Acá, Alicia es una chica que está a punto de comprometerse a la fuerza con un Lord espantoso y que en un momento de desesperación se escapa para introducirse en un Wonderland que, sabremos después, es el lugar que frecuentó de niña y al que había olvidado. El problema es que en ese país de las maravillas no hay otra cosa que decorados burtonianos y una lucha entre la Reina Blanca y la Reina de Corazones, que Alicia deberá dirimir enfrentando a un monstruo para matarlo con una espada especial. De aquel relato, extraño y sutil, sobre la potencia imaginativa de la infancia, Burton hizo ni más ni menos que una especie de épica, una aventura heroica, que sigue siendo una película de Burton solamente porque aparecen algunos pares de mellizos, pero donde se juega todo al maquillaje (y el colorinche en la cara del Sombrerero de Johnny Depp, que varios primeros planos insistentes nos obligan a apreciar, es la cifra de esta apuesta absoluta a nada más que eso, el maquillaje).
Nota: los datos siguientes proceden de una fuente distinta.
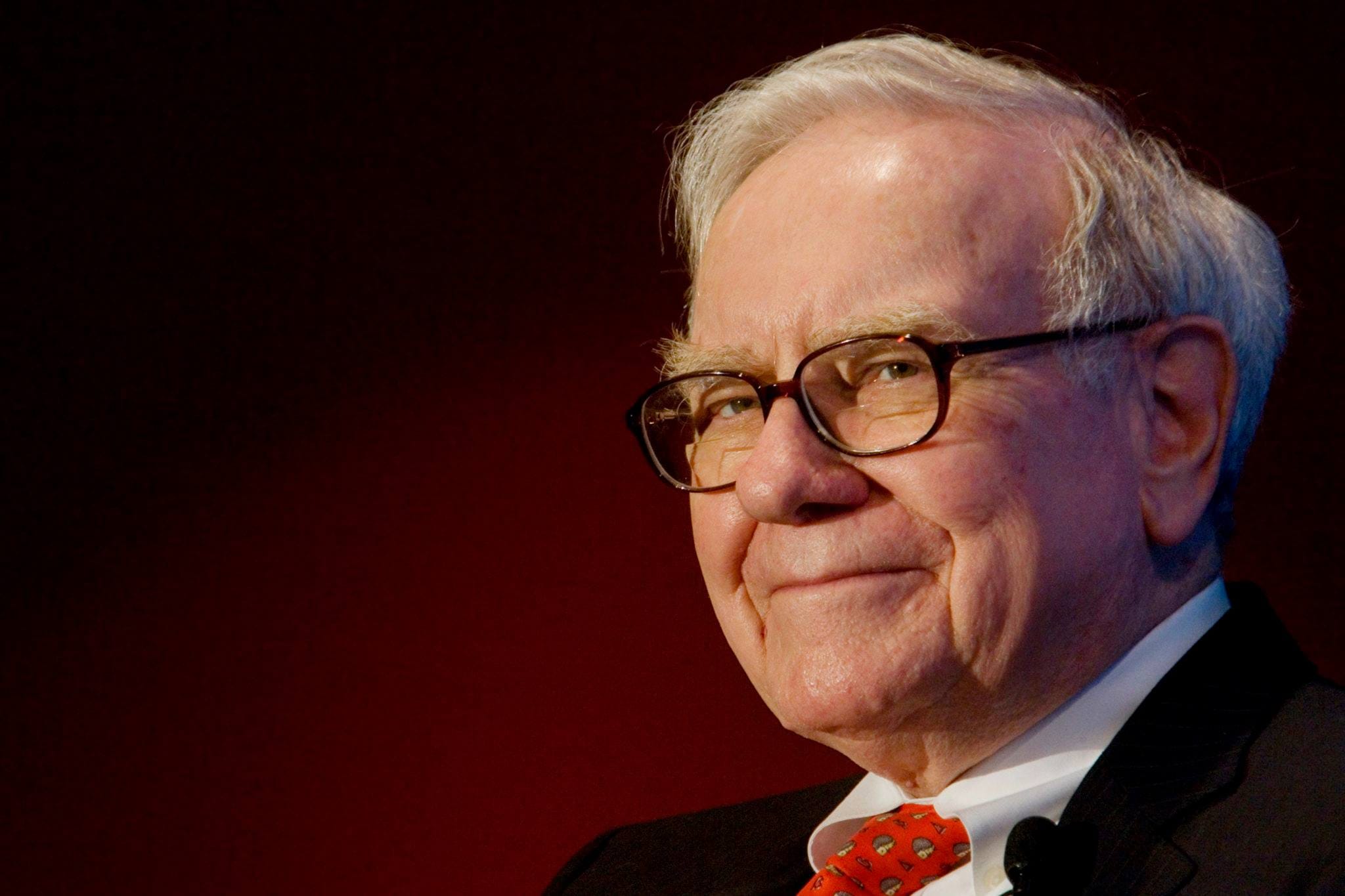 Warren Buffett se retrage din funcția de președinte al Berkshire Hathaway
Pero lo peor de la película, que marca y subraya y enfatiza todo el tiempo ese carácter épico, es la música de Danny Elfman, un cliché hollywoodense que irrumpe a cada rato para señalarnos, por ejemplo cuando Alicia debe atravesar una muralla, que “acá hay una prueba dificilísima que la heroína debe atravesar para tener éxito en su aventura”. Esa aventura es la de ponerse del lado del bien en un enfrentamiento que no le pertenece y aprender la valentía para volver después al mundo real, rechazar al novio horrible y dedicarse a hacer negocios en la compañía en la que antes trabajaba su padre. Esta Alicia termina embarcada –literalmente– en la aventura de ampliar los horizontes de una empresa comercial hasta la China, en pleno imperialismo británico. ¿Qué quiso hacer Burton? ¿Una Alicia feminista que se convertirá en empresaria exitosa? La corrección política más burda suele dar esos frutos. El libro de Carroll, en cambio, termina con una Alicia que crece, sí, pero que conserva el corazón sencillo de la infancia y por eso puede a su vez inventar muchas historias fantásticas que hacen brillar los ojos de otros chicos reunidos a su alrededor. Burton mostró algunas veces esa capacidad de inventar historias delicadas y melancólicas que hacían brillar los ojos con asombro. Ahora que al parecer dejó de creer en la potencia de las historias, los ojos brillan al salir del cine con un tono distinto, el de la decepción, que no deja otra cosa que una melancolía poco disfrutable por sus otras películas (todo lo contrario de la Mellon Collie del disco de Smashing Pumpkins), y una tristeza infinita.